Work request: Look through the entries for the line containing "Ken Archer Wildlife". Then output that line and every line after it, exactly, to the end.

Data for review:
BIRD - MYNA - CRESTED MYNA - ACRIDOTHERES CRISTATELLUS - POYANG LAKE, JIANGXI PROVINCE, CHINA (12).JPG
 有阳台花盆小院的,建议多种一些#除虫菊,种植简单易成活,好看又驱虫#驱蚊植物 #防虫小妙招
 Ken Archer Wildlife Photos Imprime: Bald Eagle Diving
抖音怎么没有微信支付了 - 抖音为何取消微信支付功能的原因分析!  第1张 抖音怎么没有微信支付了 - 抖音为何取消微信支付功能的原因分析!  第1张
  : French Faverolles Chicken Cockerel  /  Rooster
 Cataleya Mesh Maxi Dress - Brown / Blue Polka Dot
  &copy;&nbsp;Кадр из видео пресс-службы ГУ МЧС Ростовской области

Result:
 Ken Archer Wildlife Photos Imprime: Bald Eagle Diving
抖音怎么没有微信支付了 - 抖音为何取消微信支付功能的原因分析!  第1张 抖音怎么没有微信支付了 - 抖音为何取消微信支付功能的原因分析!  第1张
  : French Faverolles Chicken Cockerel  /  Rooster
 Cataleya Mesh Maxi Dress - Brown / Blue Polka Dot
  &copy;&nbsp;Кадр из видео пресс-службы ГУ МЧС Ростовской области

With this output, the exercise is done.